In a corner of the kitchen, the linoleum peels up like a page in a
book revealing the next chapter—tacky floorboards squiggled with
glue. I press the page of linoleum back. Lining their shoes over it to keep
it from turning. I fill the sink with soap and scrub the kidney beans
out of the bowls. I vacuum the rugs. Straighten the ratty Afghans on
the couch. I spray disinfectant in the bathroom and scrub the tub with
bleach.

"You don't have to," my sister says. "It's not worth it, it's just
gonna go back to how it was."

But I wear rubber gloves and dust off the television. I straighten the
coats in the closet and stack the games in neat piles on the shelves,
starting with Clue and ending with Yahtzee. Crayons are lined up by
color in their box. Books are made to stand up straight, their spines
even. DVDs alphabetized. I even install a program to clean up the
naked women, bent over in high heels, who pop up in little banner ads
and groan with pleasure. I pick up the keyboard, hold it upside down
and shake until dust, pieces of food, and chewed up finger nails come
out. I shake it harder. More dust falls out. It rattles in my hands
and my throat is tight. My sister tells me to stop, stop before I break
something.

I open the windows, even in the bitter cold, letting the sharp clean
wind slice through the thick heavy air.

Then I dust and vacuum until everything is gone and the house smells
clean and the baseboards no longer carry the residue of the lives
lived in this apartment. Until there is enough room to open the door.

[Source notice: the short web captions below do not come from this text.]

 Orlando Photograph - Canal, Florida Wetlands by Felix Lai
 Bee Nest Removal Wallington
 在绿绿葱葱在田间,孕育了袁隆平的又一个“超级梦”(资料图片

My sister sits on the couch. "Why do you do this? It's not like I
can't."

I smile, "I just want to help you."

"You've done enough."

The door slams. I turn and see a new stack of bills, now crooked in
their basket holder. Not organized by due date and size. He must be
home. I leave. I can't see it go back to the way it really is. But I
come back the next week, this time with my own assortment of sprays
and disinfectants marshaled together in a sturdy blue bucket. This
time I clean better. This time I move the couch and hear metallic
pinging as I vacuum dirt, buttons, and paper clips from behind it.
This time I clean the dark wood under the linoleum, using my finger
nails to pick up the dried fragments of cheese, kernels of rice, and
hard gray pieces of dirt that have wedged themselves between the
linoleum and the wood. I scrub it with hot water that burns my hands.
This time I don't wear gloves. The linoleum feels pliable and I press
it down on the floorboards again. On top of it I put shoes, purses,
and a wayward umbrella. I stand there with the neat pile of heavy
things holding down the linoleum, hoping my weight will remind it that
it needs to be in its place. It needs to be clean.

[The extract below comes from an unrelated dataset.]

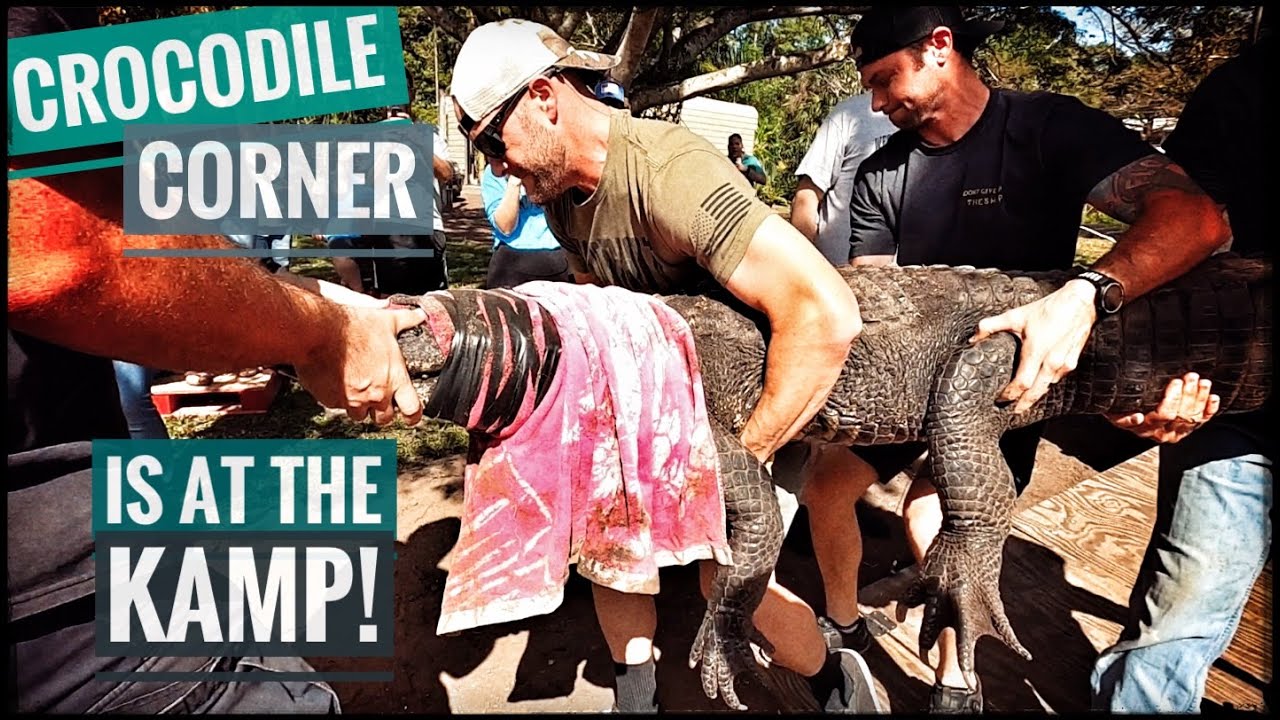 The Gators are Finally Here!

One night, I dream my hands press gently against the surface of my
sister's once white walls, now marked with black scuffs, the dried
tears of an unknown brown liquid, and several deep red splatters. I
dip my toothbrush in a blue bucket filled with bleach and I scrub,
taking away every mess. Cleaning every stain.

I am no longer invited over to my sister's house. At Christmas and on
birthdays, I do my best to ignore her yellowing skin, the soft break
in her voice. In return, she never mentions those three months I
tried to make her life spotless.

3 comments:

Lisa Romeo said...

Love this piece. Haunting and yet piercingly specific. Nice, and, sad.

Anonymous said...

This is a beautiful piece... excellent work. Congrats on the acceptances that you've received so far!

Anonymous said...

...many months later. I wanted to say, "I love this piece!" and it has already been said. Surely anyone who has ever tried to "make it all right" for a loved one can put themselves--right--there--in Lyz's footsteps. It cleared a few cobwebs out of my brain.